Establish strong baselines: A common fallacy is to start with a state-of-the-art algorithm. This is especially true in the present era of deep learning, where every day new approaches/algorithms keep coming up. However, it is always good to start with simpler approaches and try to establish strong baselines first. This is useful for three main reasons:   
 a) Helps you get a better understanding of the problem statement and key challenges.
 b) Building a quick MVP helps us get initial feedback from end-users and stakeholders.
 c) A state of the art research model may give us only a minor improvement compared to     the baseline, but might come with a huge amount of technical debt.

Balanced Training Data: While working with classification, it is very important to have a balanced dataset where all categories have an equal representation. An imbalanced dataset can adversely impact the learning of the algorithm and result in a biased classifier. While we cannot always control this aspect of the training data, there are various techniques to fix class imbalance in the training data. Some of them are: collecting more data, resampling – under sample from majority classes or oversample from minority classes, and weight balancing. 
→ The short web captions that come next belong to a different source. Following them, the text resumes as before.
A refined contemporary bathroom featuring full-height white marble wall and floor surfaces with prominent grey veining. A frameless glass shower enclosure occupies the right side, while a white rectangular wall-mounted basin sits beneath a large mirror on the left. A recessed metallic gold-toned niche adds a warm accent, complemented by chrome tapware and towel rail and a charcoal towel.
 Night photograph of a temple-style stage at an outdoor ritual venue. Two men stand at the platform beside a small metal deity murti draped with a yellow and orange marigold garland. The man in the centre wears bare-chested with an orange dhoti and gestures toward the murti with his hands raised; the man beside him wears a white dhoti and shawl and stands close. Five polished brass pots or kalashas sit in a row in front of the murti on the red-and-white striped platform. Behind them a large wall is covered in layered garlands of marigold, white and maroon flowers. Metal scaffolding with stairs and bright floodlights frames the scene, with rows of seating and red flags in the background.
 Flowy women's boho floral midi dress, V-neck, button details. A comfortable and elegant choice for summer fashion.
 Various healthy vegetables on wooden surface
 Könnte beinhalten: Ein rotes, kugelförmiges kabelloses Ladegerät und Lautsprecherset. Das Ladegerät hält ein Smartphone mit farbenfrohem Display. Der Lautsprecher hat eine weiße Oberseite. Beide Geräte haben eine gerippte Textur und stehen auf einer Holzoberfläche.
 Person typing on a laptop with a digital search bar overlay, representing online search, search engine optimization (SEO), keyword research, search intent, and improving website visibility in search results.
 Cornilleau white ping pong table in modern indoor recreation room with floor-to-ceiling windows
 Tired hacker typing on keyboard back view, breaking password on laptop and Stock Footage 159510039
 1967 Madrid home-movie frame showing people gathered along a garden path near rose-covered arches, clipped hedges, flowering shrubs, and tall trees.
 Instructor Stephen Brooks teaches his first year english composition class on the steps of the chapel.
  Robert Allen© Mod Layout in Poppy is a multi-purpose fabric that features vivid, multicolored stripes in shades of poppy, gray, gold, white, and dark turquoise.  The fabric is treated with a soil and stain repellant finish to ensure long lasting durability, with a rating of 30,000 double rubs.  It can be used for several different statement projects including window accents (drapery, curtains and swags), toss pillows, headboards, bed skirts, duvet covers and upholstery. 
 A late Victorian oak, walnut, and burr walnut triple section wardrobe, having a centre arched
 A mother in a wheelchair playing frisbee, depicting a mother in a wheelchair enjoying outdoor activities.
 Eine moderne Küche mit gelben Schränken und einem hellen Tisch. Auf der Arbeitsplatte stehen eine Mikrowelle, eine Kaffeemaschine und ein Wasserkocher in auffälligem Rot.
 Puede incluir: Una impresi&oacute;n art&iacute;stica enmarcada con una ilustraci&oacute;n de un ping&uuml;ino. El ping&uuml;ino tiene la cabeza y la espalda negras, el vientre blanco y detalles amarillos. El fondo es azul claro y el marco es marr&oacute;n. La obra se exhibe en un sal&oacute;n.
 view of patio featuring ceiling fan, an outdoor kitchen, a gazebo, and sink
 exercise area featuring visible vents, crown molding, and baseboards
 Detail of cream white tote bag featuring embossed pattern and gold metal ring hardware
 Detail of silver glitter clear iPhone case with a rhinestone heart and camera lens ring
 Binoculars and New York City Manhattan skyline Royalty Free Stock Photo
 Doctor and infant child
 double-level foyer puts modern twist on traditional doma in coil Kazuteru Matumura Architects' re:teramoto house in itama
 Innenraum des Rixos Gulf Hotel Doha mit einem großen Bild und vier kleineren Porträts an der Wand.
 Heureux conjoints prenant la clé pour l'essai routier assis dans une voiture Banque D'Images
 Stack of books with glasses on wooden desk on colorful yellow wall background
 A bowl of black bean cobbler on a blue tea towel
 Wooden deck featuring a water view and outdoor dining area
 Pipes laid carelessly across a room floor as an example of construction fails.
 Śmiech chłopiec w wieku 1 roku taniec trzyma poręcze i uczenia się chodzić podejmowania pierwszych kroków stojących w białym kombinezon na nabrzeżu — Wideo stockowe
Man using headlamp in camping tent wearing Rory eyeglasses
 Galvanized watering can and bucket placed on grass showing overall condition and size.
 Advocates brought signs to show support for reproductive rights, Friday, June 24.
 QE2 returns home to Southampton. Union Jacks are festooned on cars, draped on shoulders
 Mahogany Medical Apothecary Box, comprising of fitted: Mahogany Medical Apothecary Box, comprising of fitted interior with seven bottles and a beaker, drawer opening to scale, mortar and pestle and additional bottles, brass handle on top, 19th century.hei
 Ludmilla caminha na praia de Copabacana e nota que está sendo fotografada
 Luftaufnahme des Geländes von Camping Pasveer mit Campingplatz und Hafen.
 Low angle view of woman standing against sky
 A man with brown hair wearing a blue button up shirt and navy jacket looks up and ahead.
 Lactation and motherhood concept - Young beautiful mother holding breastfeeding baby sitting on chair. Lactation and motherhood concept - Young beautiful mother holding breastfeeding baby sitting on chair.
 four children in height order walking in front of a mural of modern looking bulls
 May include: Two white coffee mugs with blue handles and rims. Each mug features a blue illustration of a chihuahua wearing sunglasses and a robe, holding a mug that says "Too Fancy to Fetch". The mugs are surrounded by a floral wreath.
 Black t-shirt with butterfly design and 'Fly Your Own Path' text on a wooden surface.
Combining models and humans in the loop: In practical scenarios, it makes sense to combine the outputs of multiple classification models, and hand-crafted rules from domain experts to achieve the best performance for the business. In other cases, it is practical to defer the decision to a human evaluator, if the machine is not sure of its classification decision. Finally, there could also be scenarios where the learnt model has to change with time and newer data. We will discuss some solutions for such scenarios in the last part of the book which focuses on end to end systems. 

Make it work, make it better: Building a classification system, is not just about building a model. For most industrial settings, building a model is often just 5-10% of the total project. Rest consists of gathering data, building data pipelines, deployment, testing, monitoring etc. it is always good to build quickly build a model, use it to build a system and then start improvement iterations. This helps you to quickly identify major roadblocks and the parts need the most work, and often it is not the modeling part. 

Wisdom of many: Every text classification algorithm has its own strengths and weaknesses. There is no single algorithm that always works well. One way to circumvent this is via ensembling - train multiple classifiers. The data is passed through every classifier and the predictions generated are combined (ex: majority voting) to arrive at a final class prediction. An interested reader can look at the work of Dong et. al [36, 37] for a deep dive in ensemble methods for text classification. 
Wrapping Up

In this chapter, we saw how to address the problem of text classification from multiple viewpoints. We discussed how to identify a classification problem, how to tackle the various stages in a text classification pipeline, how to collect data to create relevant datasets, use different feature representations and train several classification algorithms. With this, we hope you are now well equipped and ready to solve text classification problems for your use case and scenario - how to use existing solutions, how to build our own classifiers using various methods, and how to tackle the roadblocks one may face in this process. We focused only on one aspect of building text classification systems in industry applications i.e., building the model. Issues related to the end to end deployment of NLP systems will be dealt with in Chapter 11. In the next chapter, we will use some of the ideas we learnt here to tackle a related, but different NLP problem - Information Extraction.